Un petit garçon, Hugo Powell, est devenu le premier enfant né au Royaume-Uni suite à une greffe utérine d’une donneuse décédée. Cette réalisation historique à l’hôpital Queen Charlotte et Chelsea à Londres représente une avancée significative dans la médecine reproductive, offrant de l’espoir aux femmes souffrant d’infertilité utérine.
Condition rare et transplantation historique
La mère de Hugo, Grace Bell, a reçu un diagnostic de syndrome de Mayer-Rokitansky-Küster-Hauser (MRKH), une maladie congénitale rare entraînant l’absence ou le sous-développement de l’utérus. Ce diagnostic signifiait qu’elle serait probablement incapable de porter un enfant. La greffe réussie, réalisée en 2024, a utilisé l’utérus d’une donneuse décédée, ce qui en fait la première naissance de ce type au Royaume-Uni et l’une des rares dans le monde.
Bell a décrit la naissance comme un « miracle », soulignant le profond impact émotionnel de la réalisation de son rêve de maternité. La procédure impliquait un traitement immunosuppresseur standard pour prévenir le rejet d’organe, une exigence commune à tous les receveurs de greffe.
L’héritage du donateur et les considérations éthiques
L’organe du donneur a également sauvé la vie de quatre autres personnes grâce à la transplantation d’organes supplémentaires. La famille du donateur a exprimé à la fois chagrin et fierté, soulignant que la générosité de leur fille a continué à avoir un impact sur des vies même après sa mort.

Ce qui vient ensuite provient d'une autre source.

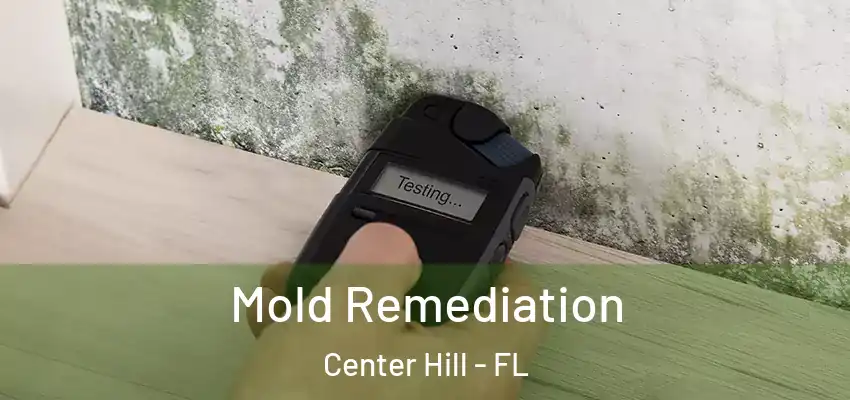  Mold Remediation Center Hill - FL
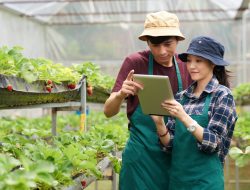 Jadi Petani Sukses di Usia Muda, Kenapa Tidak? Ini yang Harus Dilakukan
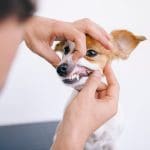 Dog teeth cleaning Kelowna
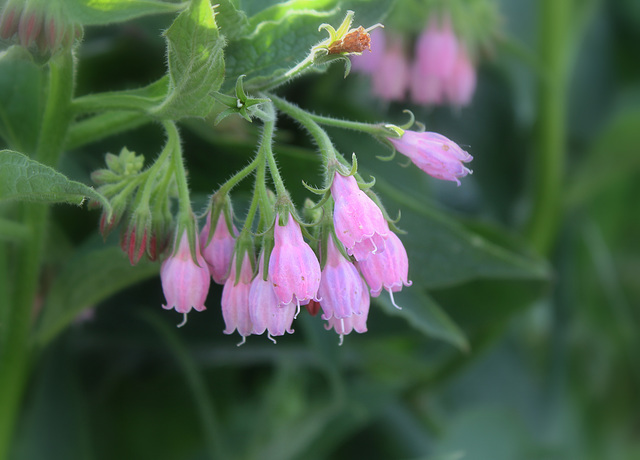 Symphytum x uplandicum ( asperum x officinalis)-Consoude de Russie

“La perte de notre fille a bouleversé notre monde… Grâce au don d’organes, elle a offert à d’autres familles le précieux cadeau du temps, de l’espoir, de la guérison et maintenant de la vie.”
L’affaire soulève d’importantes considérations éthiques concernant le don d’organes décédé. Contrairement à d’autres organes, l’utérus n’est pas automatiquement inclus dans les formulaires standard de consentement au don d’organes. Les familles doivent être spécifiquement interrogées sur leur volonté d’approuver une transplantation utérine, soulignant ainsi le processus décisionnel complexe impliqué.

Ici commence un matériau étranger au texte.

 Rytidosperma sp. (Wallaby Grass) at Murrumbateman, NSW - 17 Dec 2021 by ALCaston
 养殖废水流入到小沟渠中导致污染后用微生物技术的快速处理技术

Implications futures et progrès médicaux
Le professeur Richard Smith, responsable clinique de Womb Transplant UK, a qualifié la naissance d’« incroyable ». L’équipe prévoit que Bell finira par retirer l’utérus transplanté pour éviter une immunosuppression à vie.
La tendance plus large montre que si la plupart des transplantations d’utérus (plus des deux tiers) impliquent des donneurs vivants, le don décédé gagne du terrain, avec environ 25 à 30 bébés nés dans le monde grâce à cette méthode. Le développement de la transplantation utérine en tant qu’option viable offre une solution permanente à l’infertilité utérine, ayant un impact à la fois sur la pratique médicale et sur la planification familiale.
Cette percée démontre le potentiel transformateur du don d’organes et de la médecine reproductive. C’est un rappel puissant que l’innovation médicale continue de redéfinir les limites de ce qui est possible pour les individus confrontés à des problèmes de reproduction auparavant insurmontables.